** DATASET RECORDS **
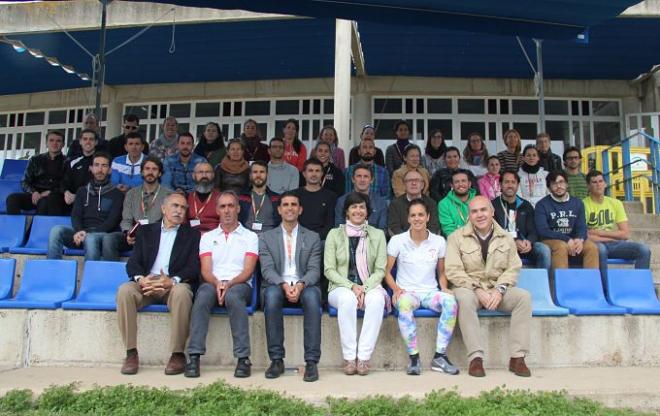 Foto de familia de las jornadas de mujeres y triatlón.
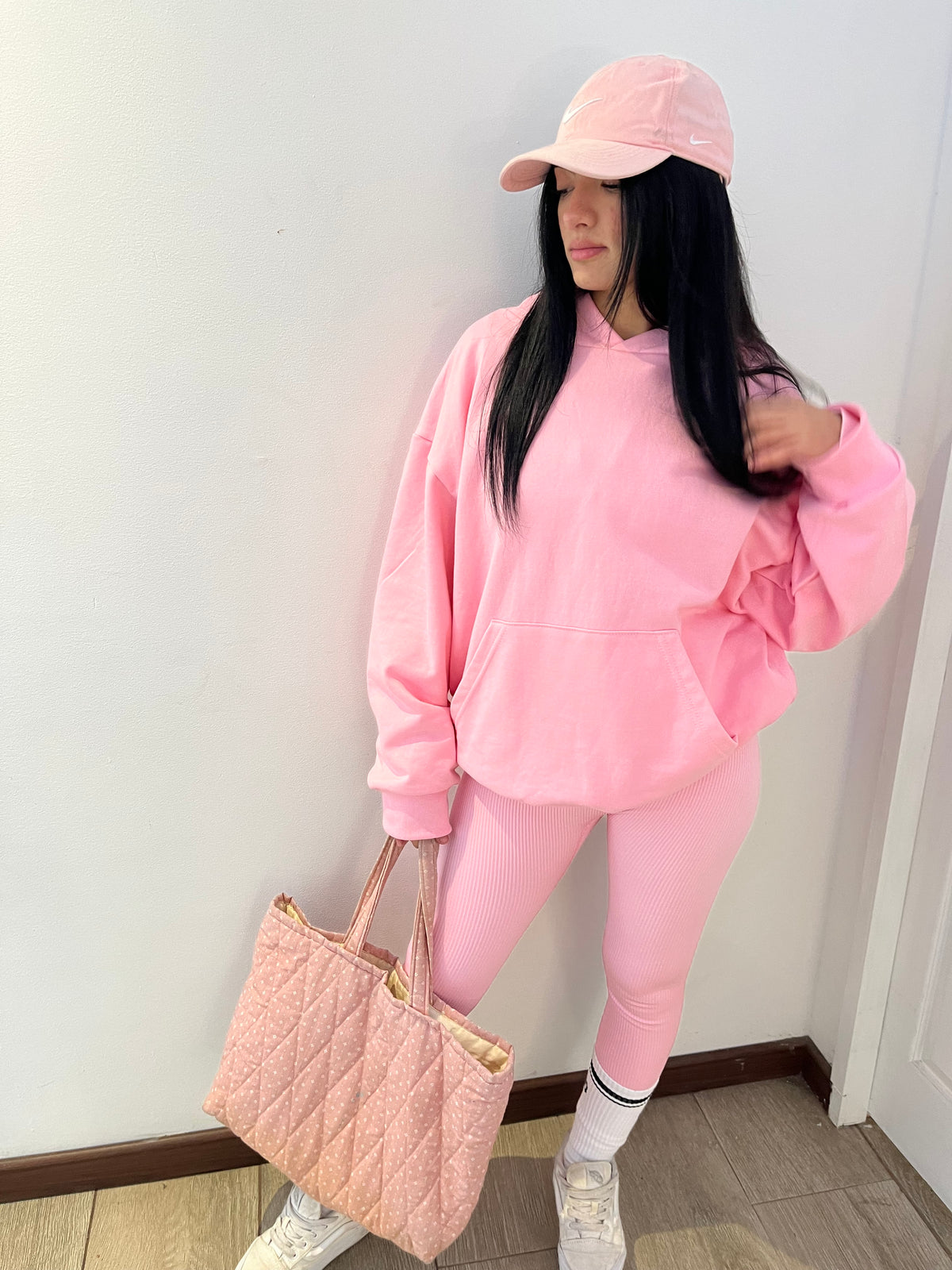 Basic Pink -Hoodie Mangas Globos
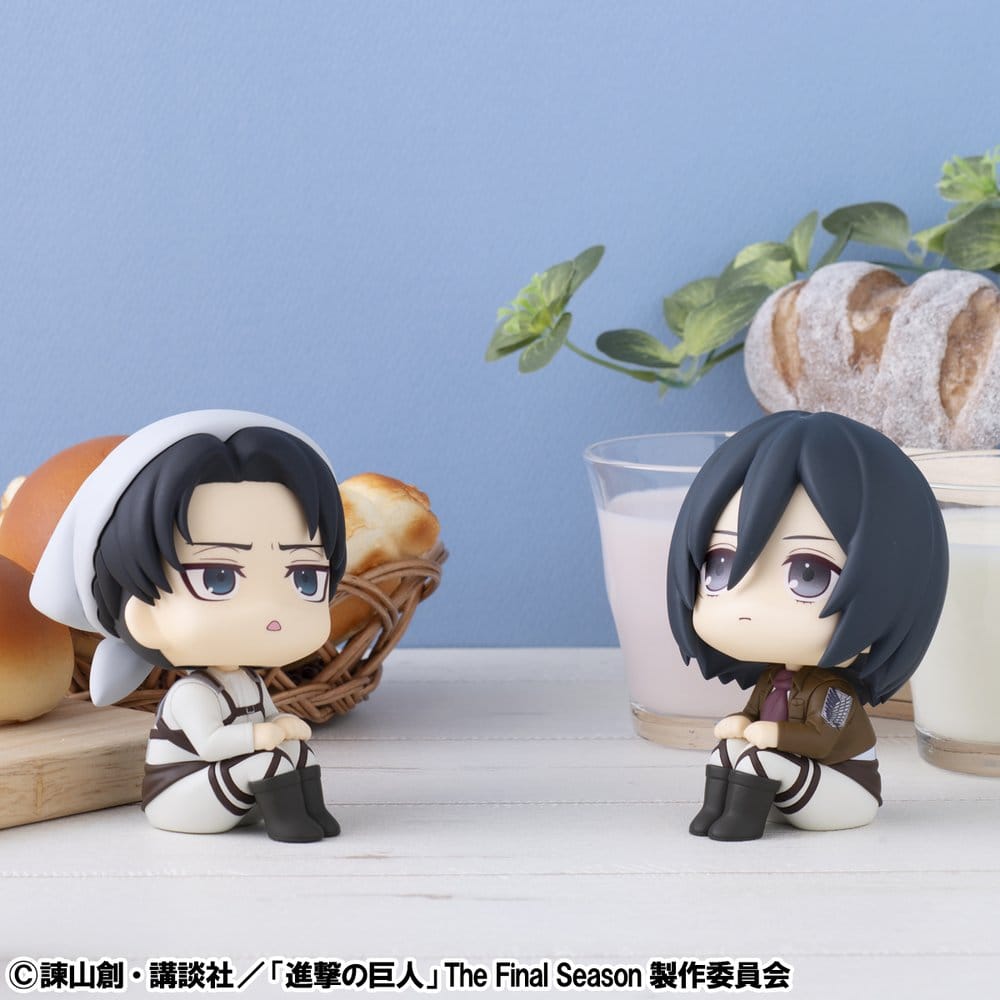 Attack on Titan statuetten PVC Look Up Levi Cleaning up Ver. & Mikasa Ackerman (with gift) 11 cm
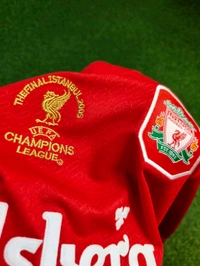 Retro Liverpool 2005 Home Half Sleeve  - XL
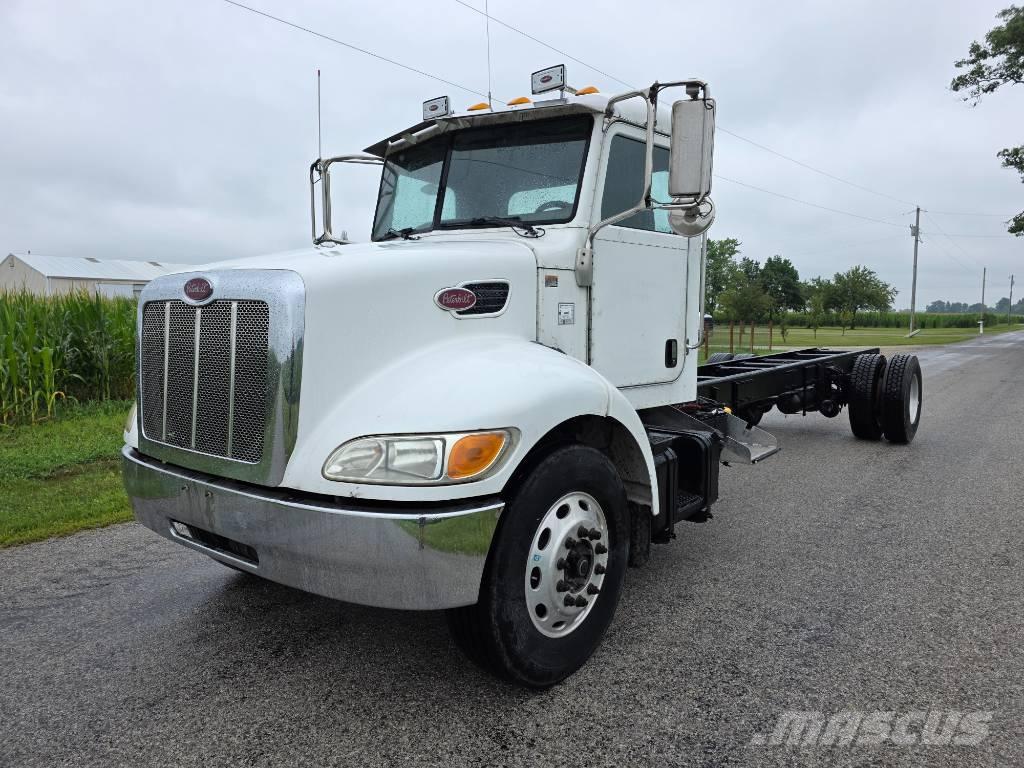 Peterbilt 335 Chassis met cabine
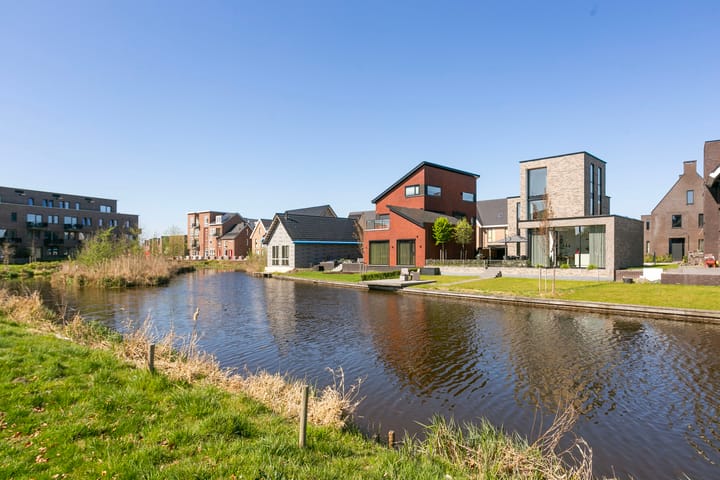 Foto 45 van Zaltbommelstraat 8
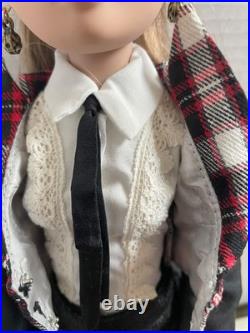 Tonner ELLOWYNE WILDE METRO GIRL 16 vinyl DOLL in a school outfit clothes READ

** TASK STATEMENT **
Transcribe the data word for word, with no images.

** RESPONSE **
 Foto de familia de las jornadas de mujeres y triatlón.
 Basic Pink -Hoodie Mangas Globos
 Attack on Titan statuetten PVC Look Up Levi Cleaning up Ver. & Mikasa Ackerman (with gift) 11 cm
 Retro Liverpool 2005 Home Half Sleeve  - XL
 Peterbilt 335 Chassis met cabine
 Foto 45 van Zaltbommelstraat 8
 Tonner ELLOWYNE WILDE METRO GIRL 16 vinyl DOLL in a school outfit clothes READ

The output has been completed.